[DATA SHOWN]

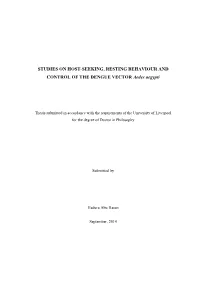 STUDIES on HOST-SEEKING, RESTING BEHAVIOUR and CONTROL of the DENGUE VECTOR Aedes Aegypti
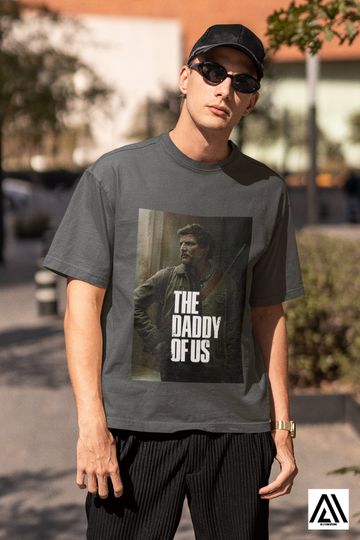 Discover The Last of Us gift Pedro Pascal T-Shirt, The Daddy Of Us T-Shirt
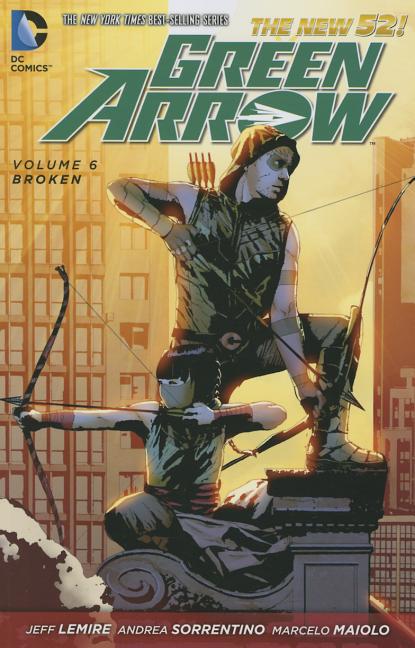 Item #252384 Green Arrow vol. 6: Broken (The New 52). DC Comics, Jeff Lemire, Andrea Sorrentino,...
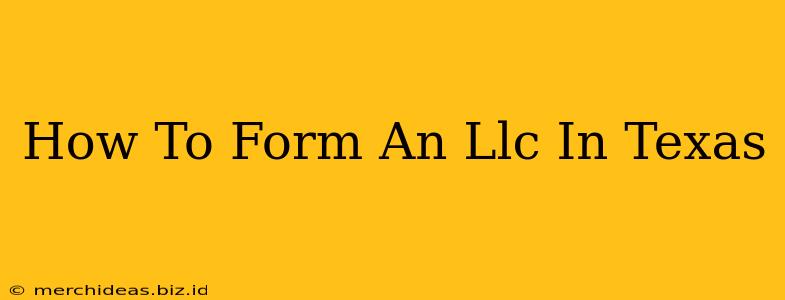 How To Form An Llc In Texas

[/DATA SHOWN]

- _TASK DESCRIPTION_
Would you set down the listing exactly, omitting pictures?

- _REPLY_
 STUDIES on HOST-SEEKING, RESTING BEHAVIOUR and CONTROL of the DENGUE VECTOR Aedes Aegypti
 Discover The Last of Us gift Pedro Pascal T-Shirt, The Daddy Of Us T-Shirt
 Item #252384 Green Arrow vol. 6: Broken (The New 52). DC Comics, Jeff Lemire, Andrea Sorrentino,...
 How To Form An Llc In Texas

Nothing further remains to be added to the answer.